**YOUR TASK:** From the line containing "foto del prodotto" through the last line of the entries below, print each line exactly. Pictures stay out.

=== Begin Enclosure ===

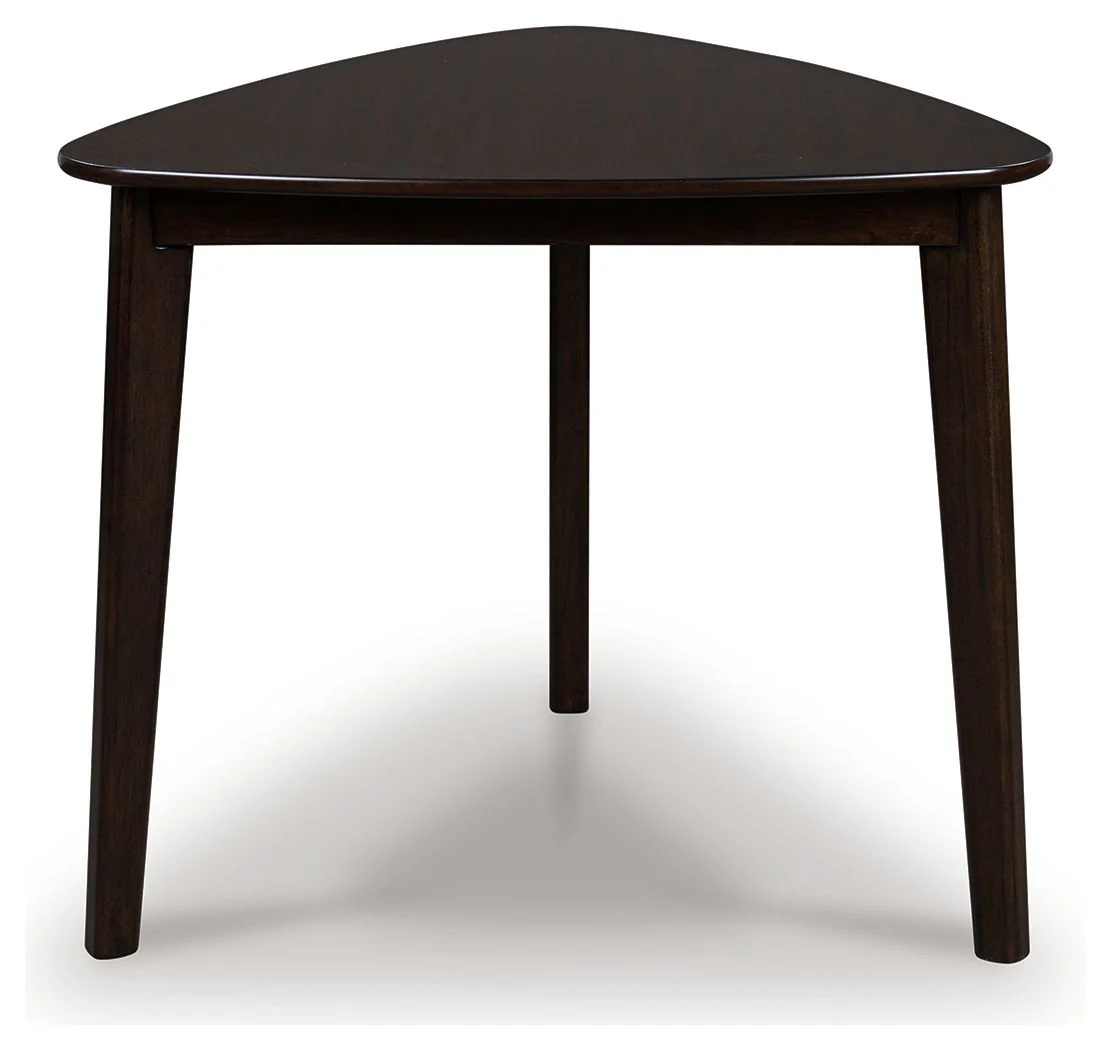 Mallenette - Triangle Dining Room Table - Merlot - Image 2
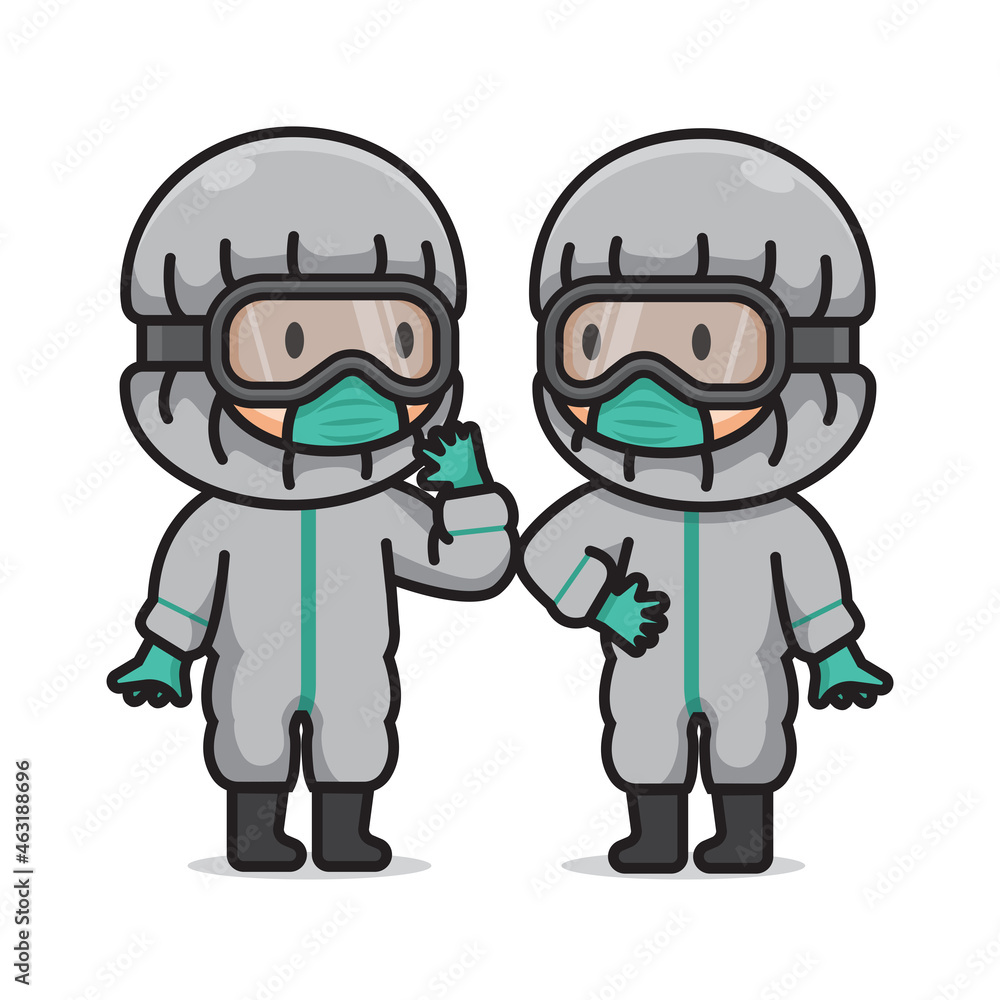 Elbow Bump People Vector Elbow Bump People Vector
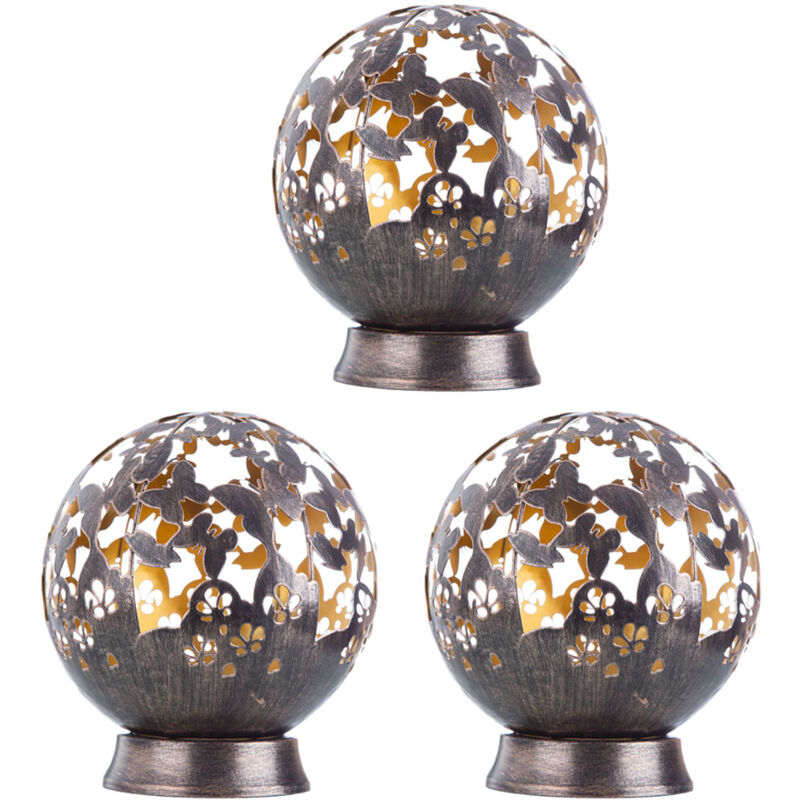 foto del prodotto lampade solari per la decorazione del balcone esterno decorazione del giardino luce solare in metallo da esterno, design fiore farfalla, nero, led,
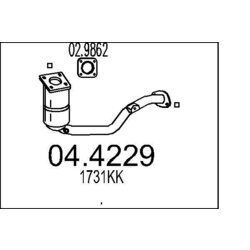 Katalyzátor MTS 04.4229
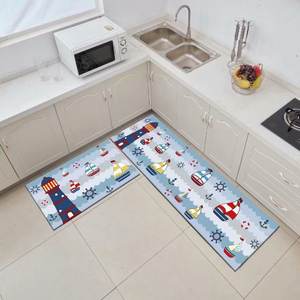 Moderne Anti-Slip Deurmatten Voor Badkamer Keuken Slijtvast Lange Vlek Gedempt Nieuwigheid Patroon Polyester Huishoudelijk Wasbaar - Product Image 6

=== End Enclosure ===

**ANSWER:**
 foto del prodotto lampade solari per la decorazione del balcone esterno decorazione del giardino luce solare in metallo da esterno, design fiore farfalla, nero, led,
 Katalyzátor MTS 04.4229
 Moderne Anti-Slip Deurmatten Voor Badkamer Keuken Slijtvast Lange Vlek Gedempt Nieuwigheid Patroon Polyester Huishoudelijk Wasbaar - Product Image 6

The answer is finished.